### TASK STATEMENT:
Exactly as written, please repeat the data that follows, but not the pictures.

### DATA SEGMENT:
....................
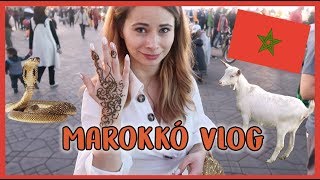 Marokkó VLOG  Kecskék és kígyóbűvölők  Viszkok Fruzsi [upl. by Nolahc]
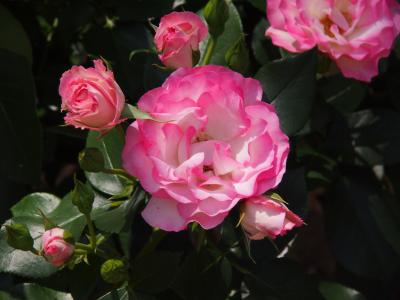 千葉市都市緑化植物園のバラ園part3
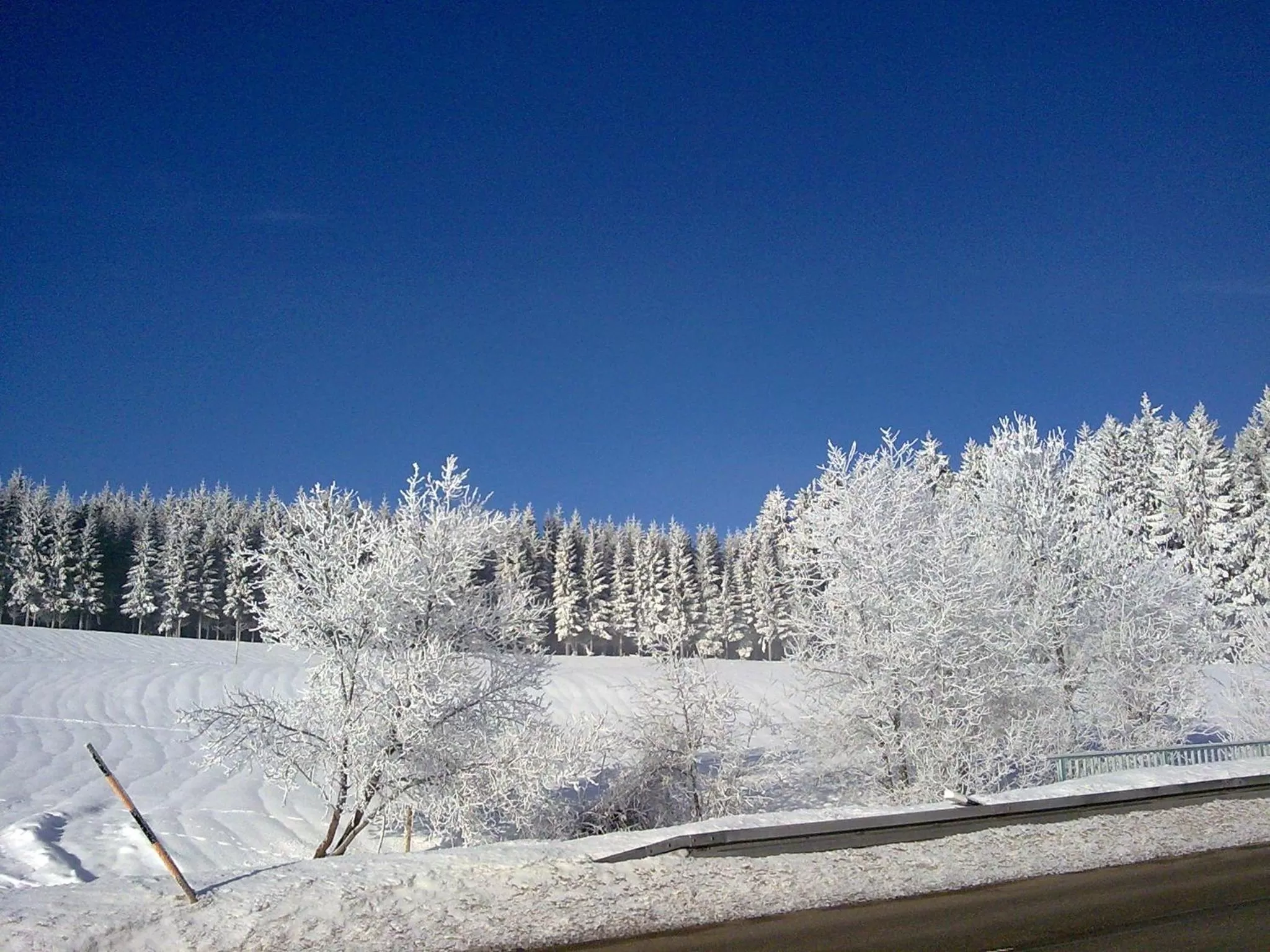 Natural landscape in ZUR TRAUBE Schwarzwaldhotel & Restaurant am Titisee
....................
### REPLY TO THE EXERCISE:
 Marokkó VLOG  Kecskék és kígyóbűvölők  Viszkok Fruzsi [upl. by Nolahc]
 千葉市都市緑化植物園のバラ園part3
 Natural landscape in ZUR TRAUBE Schwarzwaldhotel & Restaurant am Titisee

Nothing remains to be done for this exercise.